Выражение лица Джорджа Энтони потеплело:
— Она хорошая, эта леди. Похожая на миссис Кук. Она не говорит свысока только потому, что человек ее собственность.
— Да, она хорошая, — задумчиво согласился Прескотт.
Сегодняшний отказ Леа посетить мельницу встревожил Тревора. Неужели теперь она собирается избегать его? А чего же он хотел? Ведь за последние недели майор почти не обращал на нее внимания, проводя свободное время с Рэйчел, чем был очень доволен, относясь к девушке как к сестре, которой у него, к сожалению, никогда не было.
— Никто не может обидеть миц Леа без расплаты, — сказал Джордж Энтони, отвлекая Тревора от его мыслей. И в голосе его прозвучала явная угроза.
Похоже, гигант и в самом деле готов защищать Леа до последнего вздоха. Уже один огромный рост этого человека мог остановить кого угодно. Однако слишком откровенно, иной плантатор за такие слова приказал бы высечь дерзкого. Но вслух Тревор сказал без малейшего намека на иронию:
— Я не собираюсь причинять ей неприятности.
— Нет, сэр, я не думал, что вы собираетесь. Я видел, что вы держались в стороне от нее.
Боже правый, неужели его бегство от Леа заметно даже Джорджу Энтони? Рэйчел говорила, что телохранитель ее сестры влюблен в Нелли. Если так, то тревога великана неудивительна: он просто увидел в Треворе собрата по несчастью.
— Корабли!
Тревор резко обернулся на этот внезапный радостный голос. С улицы стремглав влетел темнокожий мальчишка, выкрикивая:
— Хозяин сказал вам сказать, два корабли входят в Манати!
— Должно быть, он хочет, чтоб я их встретил, — решил Тревор, вручая свой блокнот Джорджу Энтони, и взял трость, лежавшую на одной из бочек. Правда, последнюю неделю он почти не пользовался ею, но по привычке носил повсюду с собой. К тому же к вечеру, когда усталость все же брала свое и нога начинала нестерпимо ныть от долгой ходьбы, трость оказывалась весьма кстати.

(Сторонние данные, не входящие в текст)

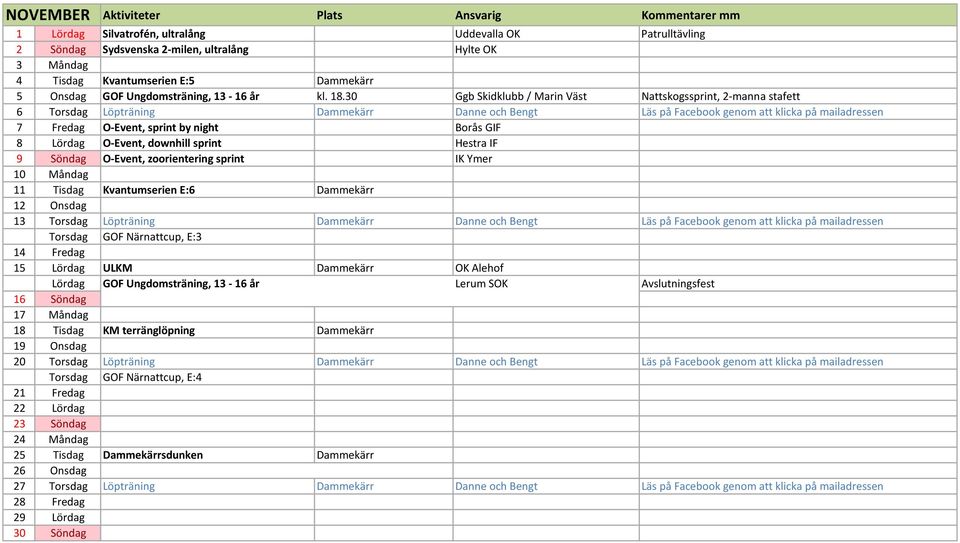 30 Ggb Skidklubb / Marin Väst Nattskogssprint, 2-manna stafett 6 Torsdag Löpträning Dammekärr Danne och Bengt Läs på Facebook genom att klicka på mailadressen 7 Fredag O-Event, sprint by night Borås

— Подмени меня тут, ладно? — И при виде того, как взметнулись кверху густые брови Джорджа Энтони, Тревор улыбнулся: — Ты же знаешь, что это необходимо закончить сегодня. Теперь я надеюсь попользоваться твоими способностями.
Прежде чем раб успел открыть рот для возражений, Тревор зашагал за негритенком прочь с мельницы.
Войдя в дом с заднего крыльца, он остановился и прислушался к суматохе, царившей у парадной двери. Из холла доносились громкие голоса. Говорили одновременно. Внезапно спорщики смолкли. Это были Леа, Рэйчел, Хипи и Нелли. Должно быть, они заметили появление Эдварда, потому что сверху лестницы сразу же загремел его голос:
— Что тут происходит, черт возьми!
— Я говорила, что его надо подготовить — Рэйчел пихнула сестру в бок.
— Чушь какая! — воскликнула Леа в ответ. — Дядя Эдвард не дитя, и он знает ее прекрасно.
— Маста Эдвард должен знать, пока она совсем не приехала, — настаивала Хипи, но Нелли, грозно взглянув на девушку, заставила ее замолчать.